Your back, of course, needs to be strong as well as flexible to help you stay active in Wheel pose, rather than resting all your weight on your wrists. To strengthen the back include Locust variations in your practice.
- For a brilliant backbending class which will help with both flexibility and strength, I highly recommend Esther Ekhart’s Sukha flow – enjoy good space
3. Hips and thighs
If you are quite flexible in your back you may not always notice tightness in the front of the hips and thighs (hip flexors) as you can still get into the basic shape of Wheel pose. However, too much restriction in the hip flexors will keep your pelvis tipping forward and so probably means that you are hinging in the lower back more, instead of getting a nice even arc in your whole back.
See how the front of your hips and thighs feel in a High Lunge pose but keep the back knee slightly bent so that your pelvis is in a more neutral position as if you were standing in Tadasana. This will mimic the same line or action you are looking for in Wheel.
If you feel a lot of restriction there, work on that bent-knee High Lunge and also Saddle pose (Supta Virasana). Try a one-legged variation of Saddle with one foot is flat on the floor with the knee pointing up while the other leg is folded in the pose. This helps to focus the pose on your hip instead of your lower back and it also makes it easier to use plenty of blocks or cushions under your hips if you need them. Read Jose’s de Groot’s article for more Saddle Pose variations.
- Practise the bent-knee high lunge variation in Sandra Carson’s awesome Front line opening class. In this class, you’ll learn about the lines or layers of connected tissue in the body and how ‘tightness’ in the hips will affect the whole front line of your body including your belly, neck and even your shins. This class will help with all backbends regardless of where your restriction is.

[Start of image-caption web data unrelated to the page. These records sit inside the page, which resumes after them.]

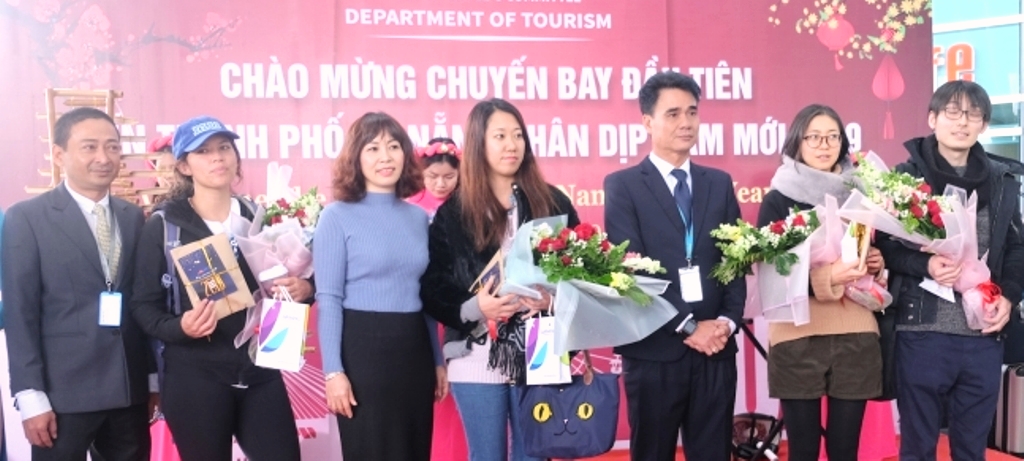 Đà Nẵng: Chào đón tàu biển và chuyến bay quốc tế đầu tiên đến “xông đất” đầu năm mới 2019 - Hình 4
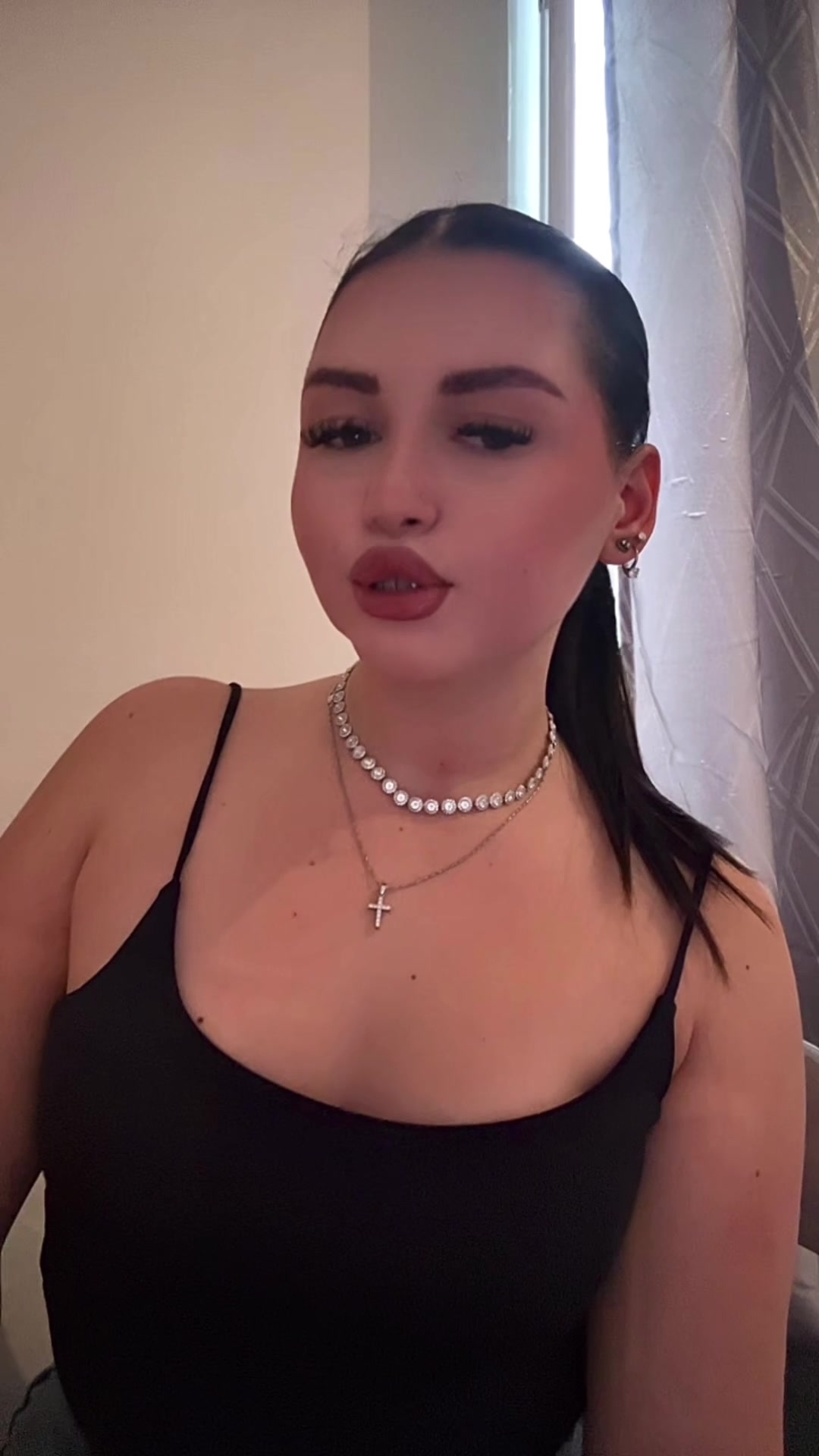 @isa🇦🇱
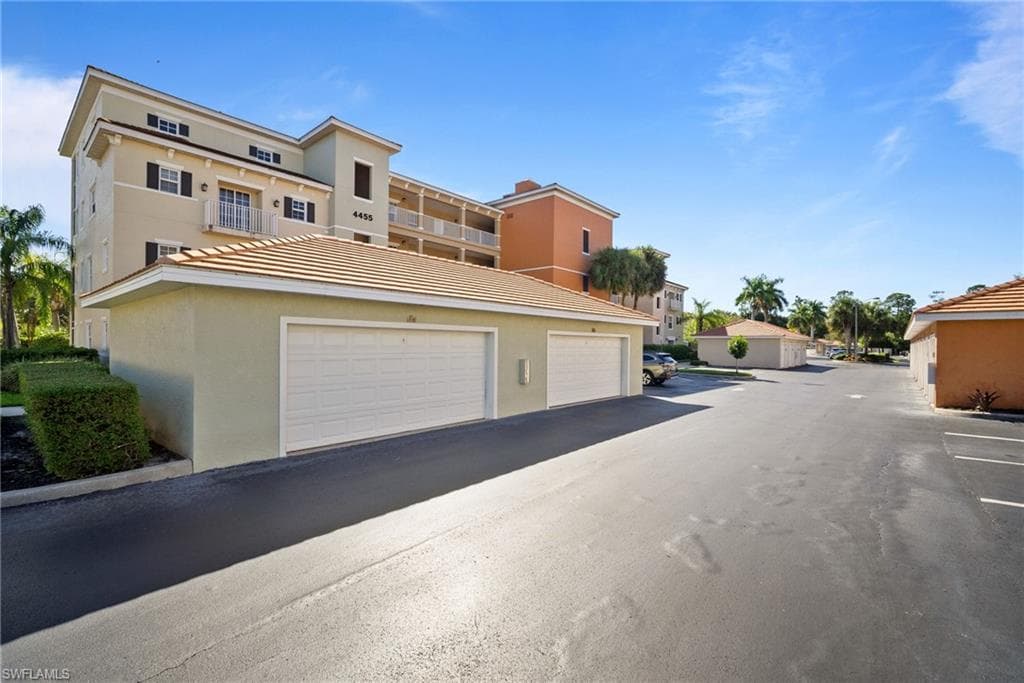 4455 Botanical Place Cir 5, Naples, FL 34112-1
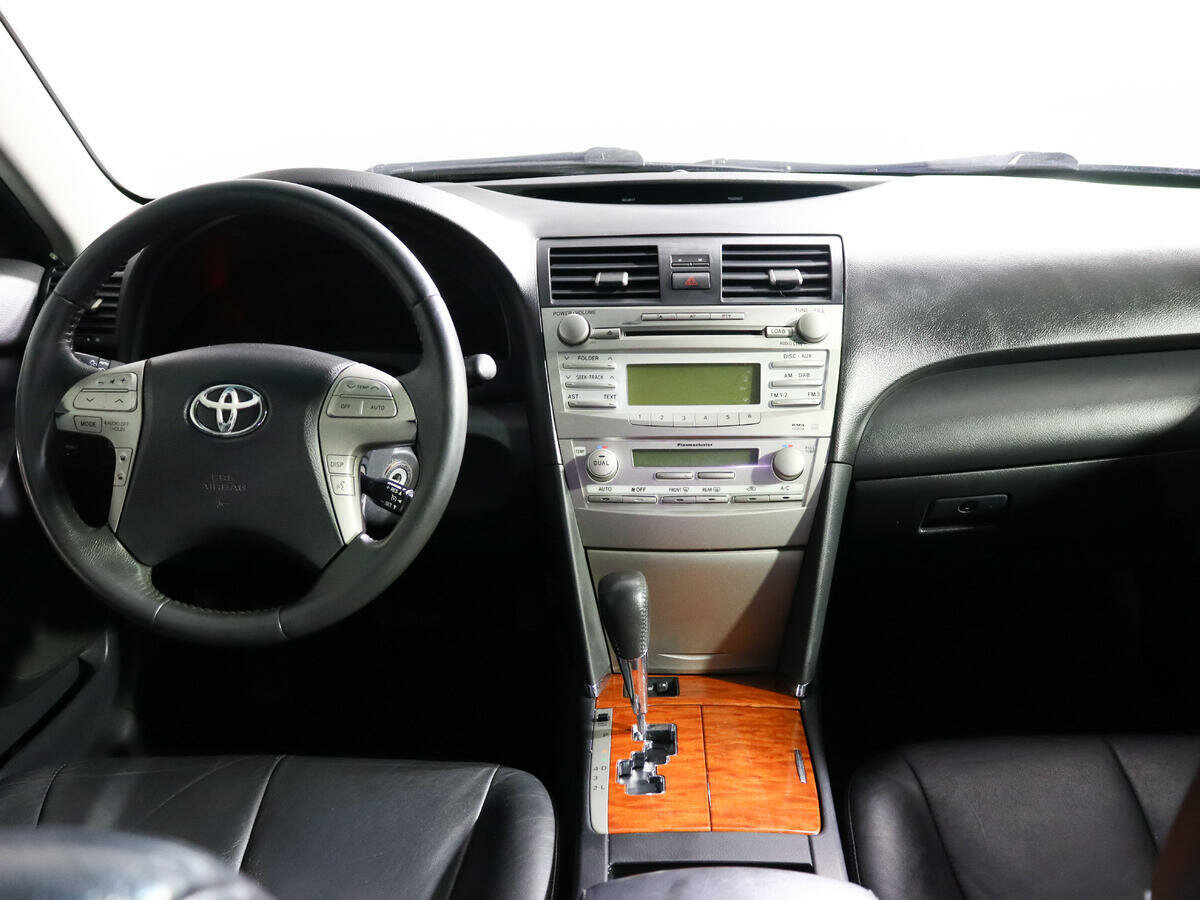 Toyota Camry, 2011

Finally, as I talked about at the beginning, Wheel pose can be emotionally confronting. Apprehension, frustration, excitement are all feelings that can come up. Try some mental rehearsal before you practice Wheel pose. Take some time to visualise yourself coming into the pose, staying for five comfortable breaths, and coming out of the pose with control. Notice what thoughts or feelings comes up as you picture yourself doing the pose.
- For more on this read Olav’s advice on Tackling a Difficult Pose.
I hope that this helps give you a better understanding of how to assess your own pose so you can improve and practice safely on your own if you don’t have a teacher nearby.